Formato: Online Artículo Texto
Lenguaje:English
Publicado: MDPI 2023
Materias:
Acceso en línea:https://www.ncbi.nlm.nih.gov/pmc/articles/PMC10377619/
https://www.ncbi.nlm.nih.gov/pubmed/37509208
http://dx.doi.org/10.3390/cancers15143545
Descripción
Sumario:SIMPLE SUMMARY: Diagnosing most cancers at an earlier stage improves outcomes because treatments are more effective and often less invasive.

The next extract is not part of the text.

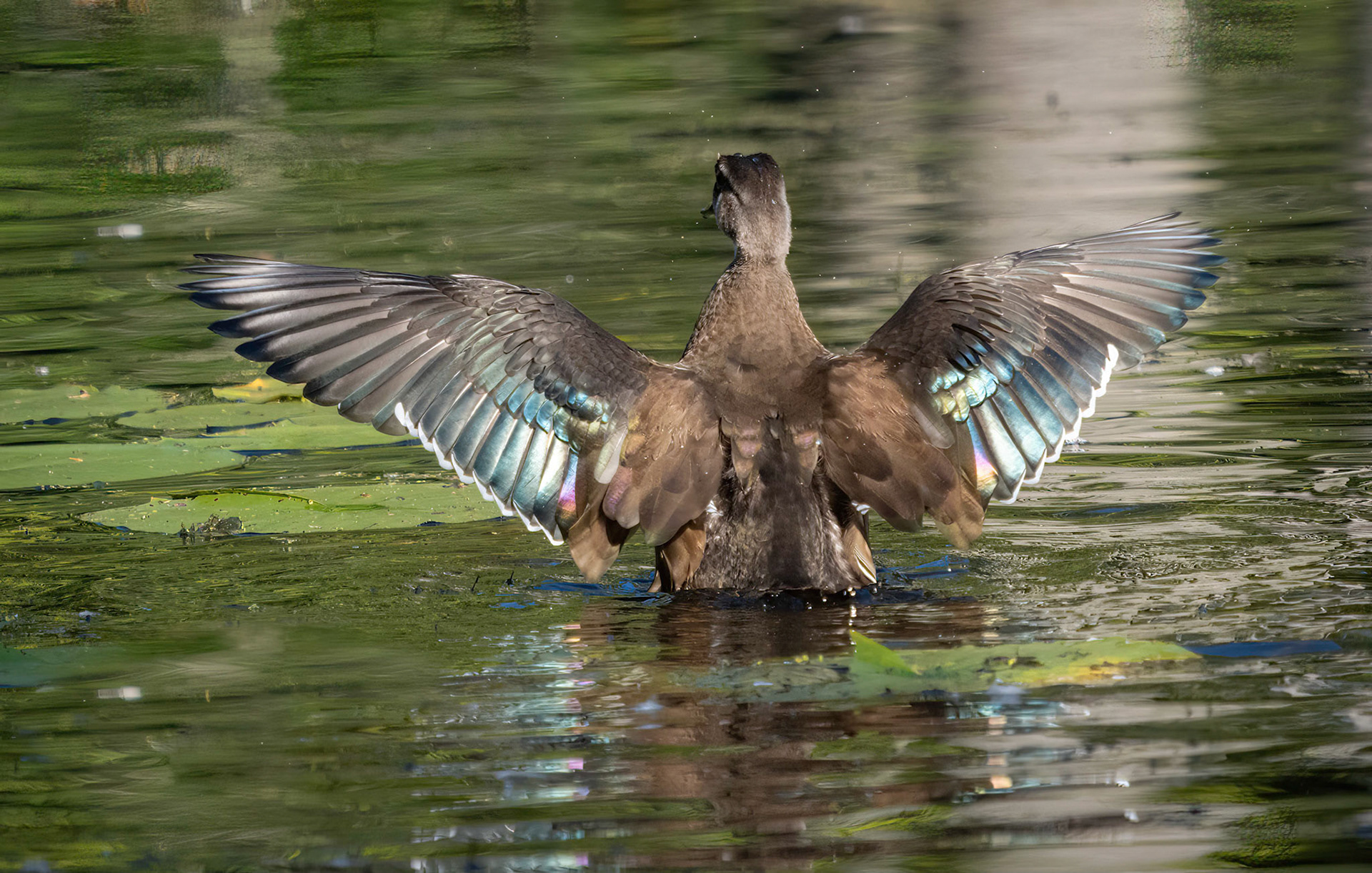 juvenile male wood duck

This study looked at the health patterns of adults enrolled in Alberta’s Tomorrow Project before they were diagnosed with cancer to identify factors related to cancers that are caught early or late. These identified factors were then tested in a similar group of adults from the British Columbia Generations Project who also subsequently developed cancer, to see how well they could predict stage at diagnosis. The confirmed health patterns can be used to improve cancer prevention programs and activities to find cancer earlier in people who are at most risk of being diagnosed with late-stage cancer. ABSTRACT: Risk prediction models for cancer stage at diagnosis may identify individuals at higher risk of late-stage cancer diagnoses. Partial proportional odds risk prediction models for cancer stage at diagnosis for males and females were developed using data from Alberta’s Tomorrow Project (ATP). Prediction models were validated on the British Columbia Generations Project (BCGP) cohort using discrimination and calibration measures. Among ATP males, older age at diagnosis was associated with an earlier stage at diagnosis, while full- or part-time employment, prostate-specific antigen testing, and former/current smoking were associated with a later stage at diagnosis. Among ATP females, mammogram and sigmoidoscopy or colonoscopy were associated with an earlier stage at diagnosis, while older age at diagnosis, number of pregnancies, and hysterectomy were associated with a later stage at diagnosis. On external validation, discrimination results were poor for both males and females while calibration results indicated that the models did not over- or under-fit to derivation data or over- or under-predict risk. Multiple factors associated with cancer stage at diagnosis were identified among ATP participants. While the prediction model calibration was acceptable, discrimination was poor when applied to BCGP data. Updating our models with additional predictors may help improve predictive performance.